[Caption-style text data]
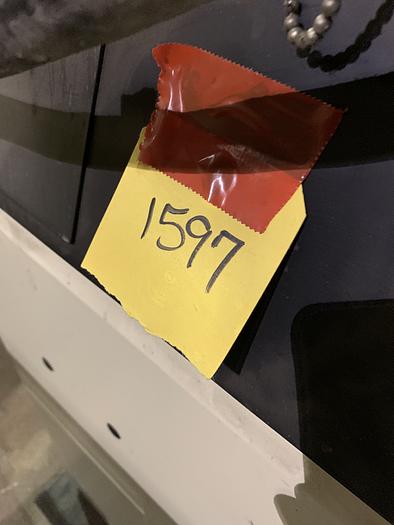 Used FANUC S500iB 15KG X 2757MM REACH 6 AXIS CNC ROBOT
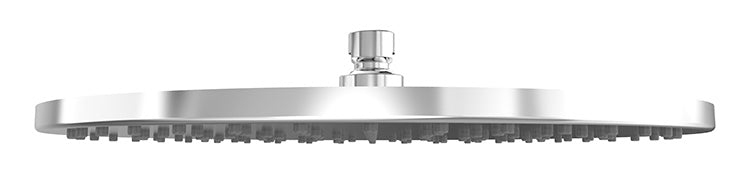 Symmons 402SH1-1.5 Rain Showerhead, 12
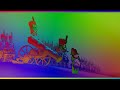 Minions - Cannon Firing Gone Wrong | Sponsored by Gamavision Csupo Effects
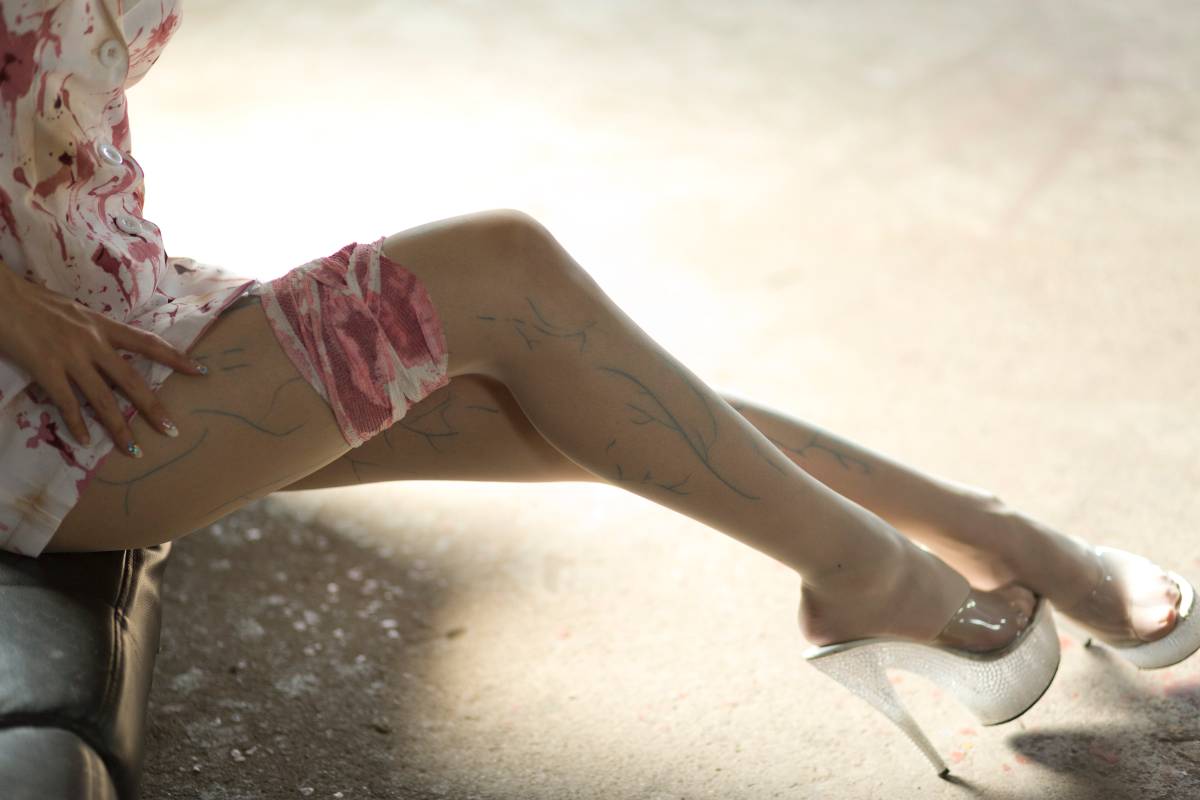 [Flameworks] Y tá trưởng đôi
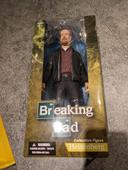 Breaking Bad Heisenberg Figurine PVC 30cm Mezco Toys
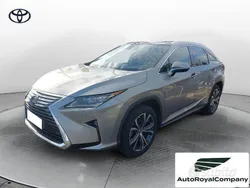 Usata 2019 Lexus RX450h Executive Line SUV | 36.900 € (Buon prezzo)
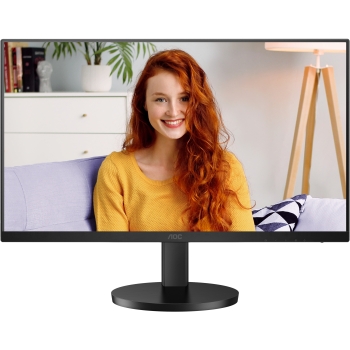 Preview: AOC 68.6cm (27) U27B3AF 16:09 2xHDMI+DP IPS Lift black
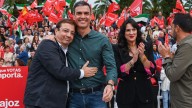 Pedro Sánchez asistirá este lunes al funeral de Fernández Vara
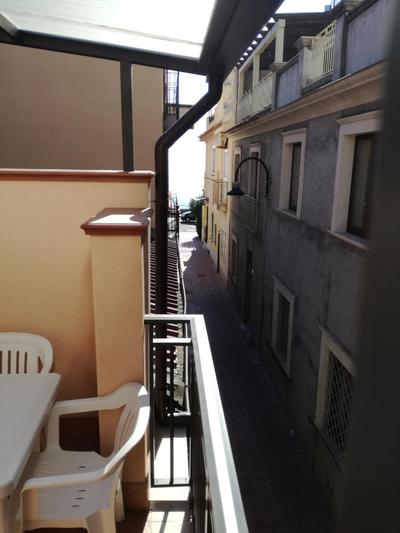 Casa del pozzo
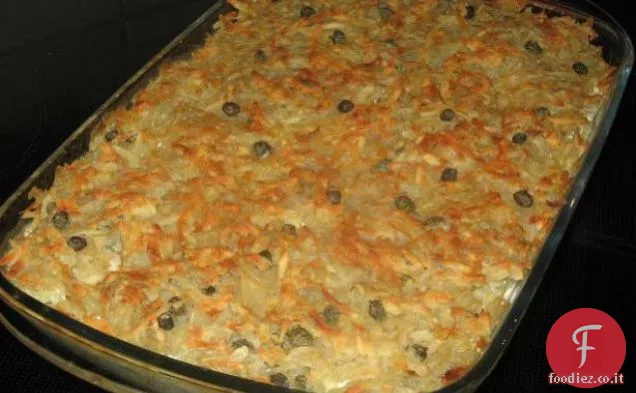 Filetti di tonno in crosta di pepe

[Exercise brief] Omit all images when repeating the data above exactly.

[Solution to the exercise]
 Used FANUC S500iB 15KG X 2757MM REACH 6 AXIS CNC ROBOT
 Symmons 402SH1-1.5 Rain Showerhead, 12
 Minions - Cannon Firing Gone Wrong | Sponsored by Gamavision Csupo Effects
 [Flameworks] Y tá trưởng đôi
 Breaking Bad Heisenberg Figurine PVC 30cm Mezco Toys
 Usata 2019 Lexus RX450h Executive Line SUV | 36.900 € (Buon prezzo)
 Preview: AOC 68.6cm (27) U27B3AF 16:09 2xHDMI+DP IPS Lift black
 Pedro Sánchez asistirá este lunes al funeral de Fernández Vara
 Casa del pozzo
 Filetti di tonno in crosta di pepe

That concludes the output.